The change in Corneometry values from baseline to 30 minutes, 2, 12, and 24 hours postapplication was calculated for the study products and the untreated (control) site. A nonparametric two‐sided exact Wilcoxon Signed Ranks Test procedure was used to compare baseline subtracted values (Products A and B versus the untreated site; Product C versus untreated site). Statistical analysis was carried out using Unistat for Windows version 6.0 in Excel overlay mode (www.unistat.com). A multiple comparison procedure was used following the Wilcoxon test. For the primary comparisons, Hochberg's procedure was used to assess the significance of treatment differences.

3. RESULTS AND DISCUSSION

Both Product A and Product B showed higher mean Corneometer readings at all timepoints compared to baseline suggesting increased hydration. The changes from baseline were statistically significant at all times of assessment when compared to untreated sites. Higher mean readings were also seen at sites treated with Control X, but these were of a smaller magnitude compared to Products A and B. Statistical analysis indicated the changes seen with Control X were only significant versus the untreated site at 30 minutes and 2 hours. Higher mean Corneometer values were also noted at 30 minutes and 12 hours with Product C relative to baseline. These were statistically significant when compared to the untreated test site. A statistically significant increase was noted with Control Y at 12 hours, but this was of a smaller magnitude (Figure 3).

Figure 3.

Hydration data for untreated, control moisturizer, and lamellar moisturizer sites. Data are Corneometer readings presented as percent change from baseline

Products A and B both showed higher mean Skicon readings at all timepoints relative to baseline suggesting increased hydration. These changes were statistically significant compared to untreated skin except at 24 hours when only Product B was still significant. Higher mean Skicon readings were also seen at sites treated with Control X; however, these were of a smaller magnitude compared to Products A and B. Higher mean Skicon values were also noted at 30 minutes and 12 hours with Product C relative to baseline. An increase with Control Y was observed at 30 minutes but this was of a significantly smaller magnitude than Product C.
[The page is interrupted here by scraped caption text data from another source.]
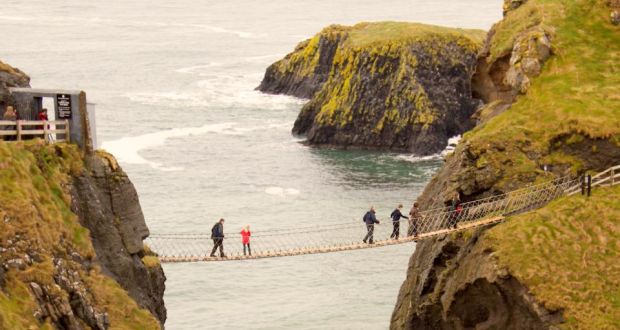 Swinging in the wind: Carrick-a-Rede rope bridge in Co Antrim. Photograph: iStock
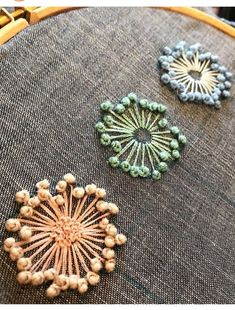 three different colored beaded designs on a piece of cloth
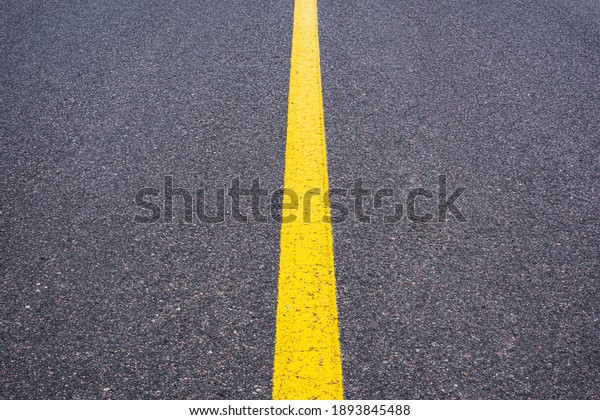 The dividing strip is\
yellow. Smooth asphalt surface with a yellow stripe. Road signs and\
symbols.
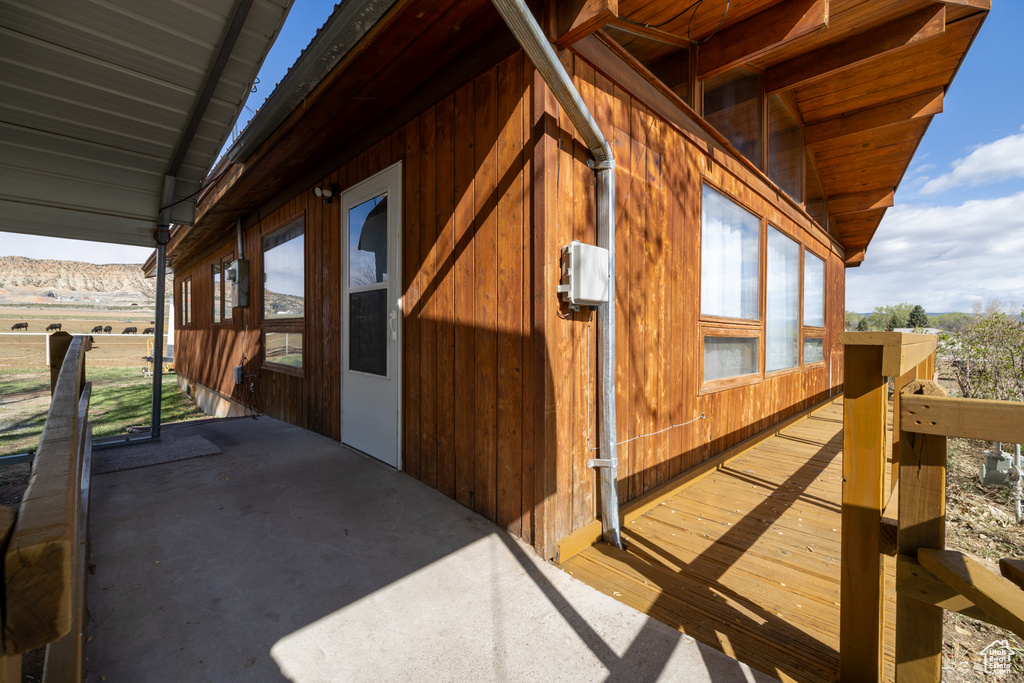View of property exterior featuring a mountain view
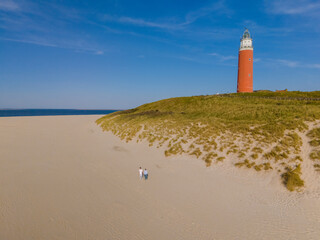 Fototapeta na wymiar A majestic lighthouse stands tall on a sandy beach in Texel, providing guidance and protection to ships navigating the waters.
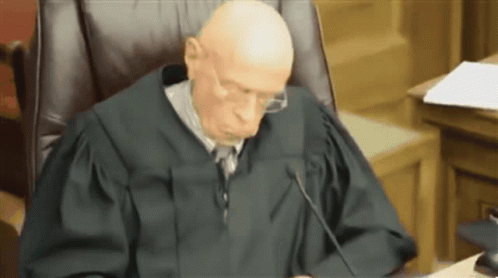 an image of a judge in court doing a read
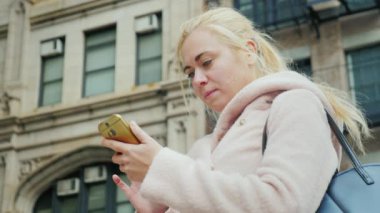 Genç kadın portresi bir akıllı telefon kullanır. Kentsel peyzaj, New York tipik yüksek katlı binalarda arka planı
Products A, B, and C all showed lower mean skin dryness ratings at all timepoints compared to baseline indicating increased hydration. These changes were statistically significant compared to untreated skin. A decrease was also noted with Control X at 30 minutes, 2 and 12 hours and Control Y at 30 minutes.

The results of this single application study showed significant increase in hydration of the stratum corneum for up to 24 hours for Product A and Product B, and up to 12 hours for Product C. All products were generally well tolerated.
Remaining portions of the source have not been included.